The Red Cross said on Friday it had opened two new telephone hotlines to try to reunite Syrians who have been missing for years with their families, but warned that many cases will take months or years to resolve.
Since the start of Syria's civil war over 13 years ago, the International Committee of the Red Cross (ICRC) has received over 35,000 cases of missing people and is stepping up its efforts to help trace them.
Stephan Sakalian, head of delegation for ICRC in Syria, told reporters that it had opened two hotlines this week: one for prisoners and one for families to try to connect them.
"We can provide them with mental health and psychosocial support ... we can even help them financially if they need to be reunited," he told a Geneva press briefing via video link from Damascus. Legal aid and healthcare are also available, an ICRC statement said.
The opening of president Bashar al-Assad's detention system has raised hopes for reunions, with some prisoners re-emerging who were thought by their families to have been executed years ago. But Sakalian sought to temper expectations.

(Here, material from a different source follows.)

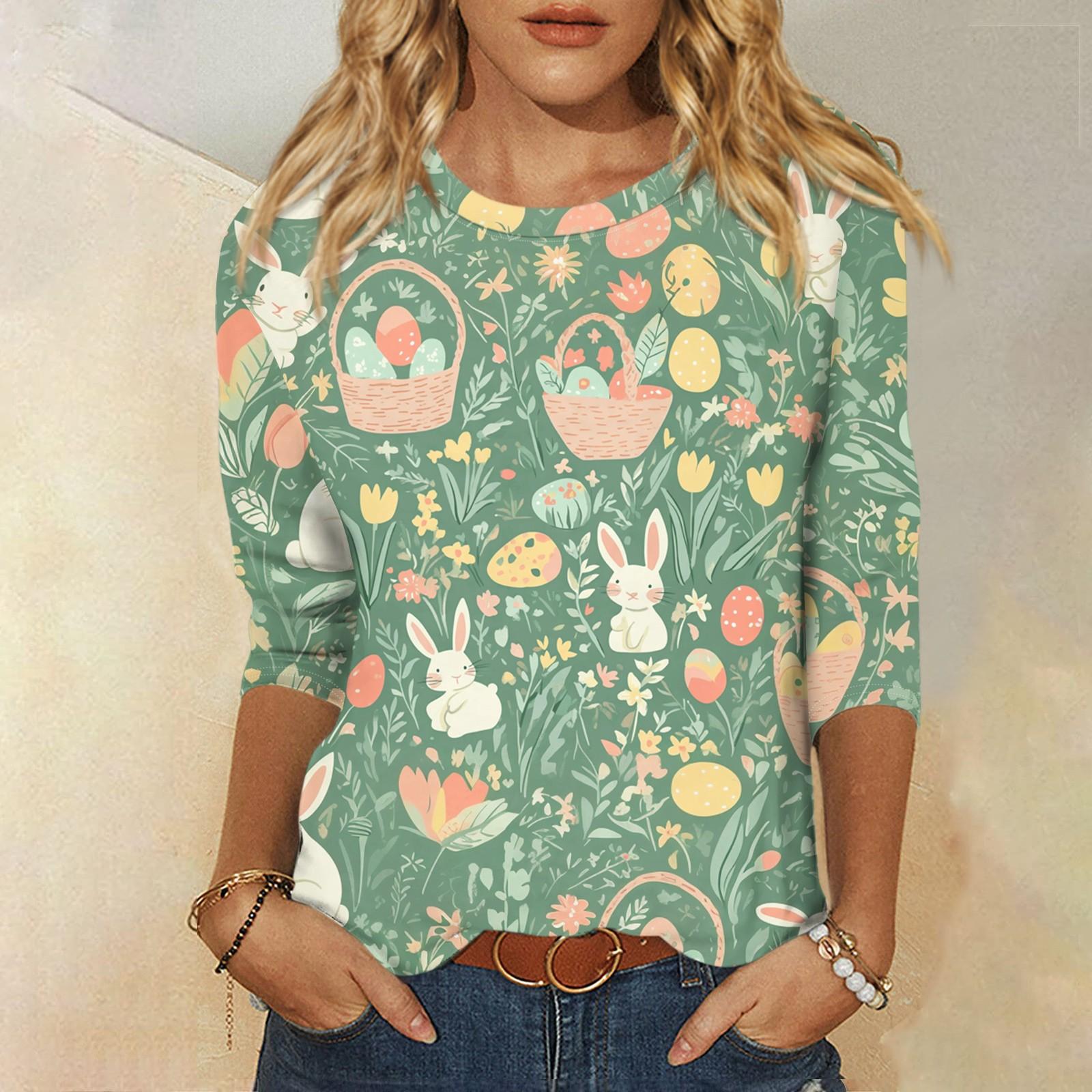 

Топы с рукавами 3/4 для женщин, футболка, повседневные топы с принтом, футболка, пуловер с круглым вырезом, блузка L зелёный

"Let's make no mistake: giving answers to people will take weeks, months and maybe years, given the amount of information to process," he said. "The work is tremendous," he added.
The ICRC is also looking for three of its colleagues who were abducted in 2013. "Like everyone we want to have hope and seek any signal or any news that may bring some closure to their families, but for the moment, we do not have any news," he added.